## OptiSpeech Training: HFC-Female (en-US)
This notebook allows you to train [OptiSpeech TTS](https://github.com/mush42/optispeech) on [HiFiCaptin en-US female dataset](https://ast-astrec.nict.go.jp/en/release/hi-fi-captain/)


## Plumming

In [None]:
#@markdown ### Google Colab Anti-Disconnect
#@markdown Avoid automatic disconnection. Still, it will disconnect after **6 to 12 hours**.

import IPython
js_code = '''
function ClickConnect(){
console.log("Working");
document.querySelector("colab-toolbar-button#connect").click()
}
setInterval(ClickConnect,60000)
'''
display(IPython.display.Javascript(js_code))


#@markdown ### Check GPU type
#@markdown A higher capable GPU can lead to faster training speeds.
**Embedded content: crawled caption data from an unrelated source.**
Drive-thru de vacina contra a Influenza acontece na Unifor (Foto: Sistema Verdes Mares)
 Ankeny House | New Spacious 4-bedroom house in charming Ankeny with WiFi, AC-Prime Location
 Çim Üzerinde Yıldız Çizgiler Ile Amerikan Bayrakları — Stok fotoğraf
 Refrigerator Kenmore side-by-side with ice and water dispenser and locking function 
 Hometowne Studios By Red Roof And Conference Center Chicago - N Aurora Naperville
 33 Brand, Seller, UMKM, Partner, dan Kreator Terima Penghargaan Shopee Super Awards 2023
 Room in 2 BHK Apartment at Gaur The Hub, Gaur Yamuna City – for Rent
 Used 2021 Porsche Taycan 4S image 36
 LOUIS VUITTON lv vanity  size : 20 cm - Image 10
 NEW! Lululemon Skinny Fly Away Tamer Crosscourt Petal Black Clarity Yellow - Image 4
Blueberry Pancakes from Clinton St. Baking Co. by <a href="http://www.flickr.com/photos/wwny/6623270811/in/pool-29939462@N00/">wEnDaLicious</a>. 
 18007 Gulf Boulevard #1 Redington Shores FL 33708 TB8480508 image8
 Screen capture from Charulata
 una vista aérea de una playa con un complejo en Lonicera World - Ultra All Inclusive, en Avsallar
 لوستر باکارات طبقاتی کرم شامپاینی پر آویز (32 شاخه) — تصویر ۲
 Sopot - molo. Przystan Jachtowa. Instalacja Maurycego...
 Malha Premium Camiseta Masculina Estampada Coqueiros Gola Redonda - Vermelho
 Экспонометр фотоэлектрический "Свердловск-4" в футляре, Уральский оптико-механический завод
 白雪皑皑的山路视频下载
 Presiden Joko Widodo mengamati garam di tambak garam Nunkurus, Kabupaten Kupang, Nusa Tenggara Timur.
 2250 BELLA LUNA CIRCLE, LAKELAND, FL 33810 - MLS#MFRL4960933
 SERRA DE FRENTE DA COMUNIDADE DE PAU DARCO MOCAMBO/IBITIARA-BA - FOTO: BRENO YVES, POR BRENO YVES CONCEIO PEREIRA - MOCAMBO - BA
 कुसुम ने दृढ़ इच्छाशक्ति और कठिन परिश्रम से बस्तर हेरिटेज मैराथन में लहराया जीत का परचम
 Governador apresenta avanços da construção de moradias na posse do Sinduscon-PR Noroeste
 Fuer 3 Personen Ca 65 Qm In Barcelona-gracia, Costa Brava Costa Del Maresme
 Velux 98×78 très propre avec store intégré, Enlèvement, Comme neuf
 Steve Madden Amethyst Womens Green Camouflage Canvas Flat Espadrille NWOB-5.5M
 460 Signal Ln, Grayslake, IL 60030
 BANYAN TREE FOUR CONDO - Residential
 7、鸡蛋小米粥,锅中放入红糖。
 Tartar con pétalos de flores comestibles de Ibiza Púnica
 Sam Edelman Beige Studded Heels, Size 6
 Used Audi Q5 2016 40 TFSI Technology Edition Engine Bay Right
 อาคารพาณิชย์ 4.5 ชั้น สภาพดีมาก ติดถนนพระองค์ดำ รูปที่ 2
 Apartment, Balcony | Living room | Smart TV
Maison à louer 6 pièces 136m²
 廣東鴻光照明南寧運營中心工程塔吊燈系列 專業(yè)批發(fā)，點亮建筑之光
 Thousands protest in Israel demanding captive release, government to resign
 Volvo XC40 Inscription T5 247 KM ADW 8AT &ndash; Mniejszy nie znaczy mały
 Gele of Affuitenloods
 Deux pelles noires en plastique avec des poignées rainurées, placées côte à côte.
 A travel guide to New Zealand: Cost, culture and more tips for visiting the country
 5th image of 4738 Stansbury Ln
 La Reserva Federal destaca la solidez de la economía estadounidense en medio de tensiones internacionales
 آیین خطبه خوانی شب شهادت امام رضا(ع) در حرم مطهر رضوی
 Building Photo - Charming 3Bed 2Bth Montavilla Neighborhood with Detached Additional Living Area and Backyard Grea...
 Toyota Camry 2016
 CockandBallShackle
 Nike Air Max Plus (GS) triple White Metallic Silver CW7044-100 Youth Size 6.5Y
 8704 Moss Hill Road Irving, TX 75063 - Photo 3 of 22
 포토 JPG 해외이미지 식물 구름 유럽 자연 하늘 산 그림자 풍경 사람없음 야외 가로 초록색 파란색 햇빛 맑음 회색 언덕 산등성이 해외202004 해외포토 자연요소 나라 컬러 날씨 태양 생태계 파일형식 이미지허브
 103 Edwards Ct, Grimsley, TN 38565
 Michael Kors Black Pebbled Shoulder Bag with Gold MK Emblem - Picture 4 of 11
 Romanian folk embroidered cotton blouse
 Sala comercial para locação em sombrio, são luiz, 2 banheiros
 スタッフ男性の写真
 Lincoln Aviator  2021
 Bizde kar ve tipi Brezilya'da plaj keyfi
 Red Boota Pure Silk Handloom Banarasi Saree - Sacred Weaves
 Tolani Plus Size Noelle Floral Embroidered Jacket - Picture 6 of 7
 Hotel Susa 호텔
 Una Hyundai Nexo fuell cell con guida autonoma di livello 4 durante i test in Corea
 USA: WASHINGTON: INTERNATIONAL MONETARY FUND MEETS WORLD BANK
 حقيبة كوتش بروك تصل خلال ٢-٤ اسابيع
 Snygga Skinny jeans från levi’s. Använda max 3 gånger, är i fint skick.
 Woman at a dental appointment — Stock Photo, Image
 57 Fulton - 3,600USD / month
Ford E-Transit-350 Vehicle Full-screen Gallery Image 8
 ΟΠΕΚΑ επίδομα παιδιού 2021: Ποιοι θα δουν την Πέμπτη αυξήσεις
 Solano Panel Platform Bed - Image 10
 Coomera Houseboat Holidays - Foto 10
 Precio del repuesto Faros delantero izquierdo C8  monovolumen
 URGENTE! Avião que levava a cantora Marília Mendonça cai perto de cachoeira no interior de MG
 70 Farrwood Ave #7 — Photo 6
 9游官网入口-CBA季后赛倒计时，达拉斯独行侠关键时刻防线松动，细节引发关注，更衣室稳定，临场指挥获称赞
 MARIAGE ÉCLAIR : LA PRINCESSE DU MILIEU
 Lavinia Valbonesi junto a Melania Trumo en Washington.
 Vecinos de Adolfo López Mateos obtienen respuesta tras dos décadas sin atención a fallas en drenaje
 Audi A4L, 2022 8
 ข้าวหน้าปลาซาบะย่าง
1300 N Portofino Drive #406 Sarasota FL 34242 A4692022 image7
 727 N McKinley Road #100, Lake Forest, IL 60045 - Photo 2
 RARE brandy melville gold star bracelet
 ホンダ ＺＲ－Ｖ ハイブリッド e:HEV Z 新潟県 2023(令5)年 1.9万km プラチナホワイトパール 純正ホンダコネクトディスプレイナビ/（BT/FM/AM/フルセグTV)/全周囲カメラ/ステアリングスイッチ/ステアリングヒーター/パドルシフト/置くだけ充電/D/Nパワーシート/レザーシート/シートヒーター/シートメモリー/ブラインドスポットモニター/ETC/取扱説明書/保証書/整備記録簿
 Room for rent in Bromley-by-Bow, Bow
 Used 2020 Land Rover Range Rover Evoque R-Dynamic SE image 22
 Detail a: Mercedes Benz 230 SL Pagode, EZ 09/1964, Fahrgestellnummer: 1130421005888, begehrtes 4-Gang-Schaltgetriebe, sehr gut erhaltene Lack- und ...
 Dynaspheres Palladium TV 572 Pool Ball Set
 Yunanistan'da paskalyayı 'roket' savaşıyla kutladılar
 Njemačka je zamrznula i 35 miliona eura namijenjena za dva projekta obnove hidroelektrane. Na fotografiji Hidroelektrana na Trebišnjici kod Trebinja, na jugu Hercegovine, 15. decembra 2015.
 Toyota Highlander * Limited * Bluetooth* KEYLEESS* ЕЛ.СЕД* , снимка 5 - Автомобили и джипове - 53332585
By default, you will have a **Tesla T4**.
!nvidia-smi

## Mount Google Drive

In [None]:
from google.colab import drive
drive.mount('/content/drive', force_remount=True)

## Prepare environment

In [None]:
#@markdown ### Clone OptiSpeech repository

import os

if not os.path.isdir(os.path.join(os.getcwd(), "optispeech")):
    print("Cloning optispeech repository...")
    !git clone --branch eden-alighn --depth=1 https://github.com/mush42/optispeech

#@markdown ### Install system dependencies

# Nothing...

#@markdown ### Upgrade packages

!pip3 install --upgrade pip setuptools wheel

#@markdown ### Install OptiSpeech dependencies

%cd /content/optispeech
!pip3 install -r requirements.txt

#@markdown ### Download HiFiGAN checkpoint for use during training

%cd /content/
!wget https://github.com/shivammehta25/Matcha-TTS-checkpoints/releases/download/v1.0/g_02500000

## Preprocess Dataset

In [None]:
%cd /content
!unzip -q /content/drive/MyDrive/hfc_female-en_us-dataset.zip
%cd /content/optispeech
!python3 -m optispeech.tools.preprocess_dataset \
    --format ljspeech \
    hfc_female-en_us \
    /content/hfc_female-en_us-dataset \
    /content/optispeech/data/hfc_female-en_us


## Enable Tensorboard

In [None]:
# Create log directory
!mkdir -p /content/drive/MyDrive/optispeech/logs

%load_ext tensorboard
%tensorboard --logdir /content/drive/MyDrive/optispeech/logs


## Start training

In [None]:
%cd /content/optispeech
!python3 -m optispeech.train \
    experiment="hfc_female-en_us" \
    model.train_args.hifigan_ckpt="/content/g_02500000" \
    data.train_filelist_path="data/hfc_female-en_us/train.txt" \
    data.valid_filelist_path="data/hfc_female-en_us/val.txt" \
    data.batch_size=64 \
    data.num_workers=2 \
    callbacks.model_checkpoint.every_n_epochs=5 \
    paths.log_dir=" /content/drive/MyDrive/optispeech/logs"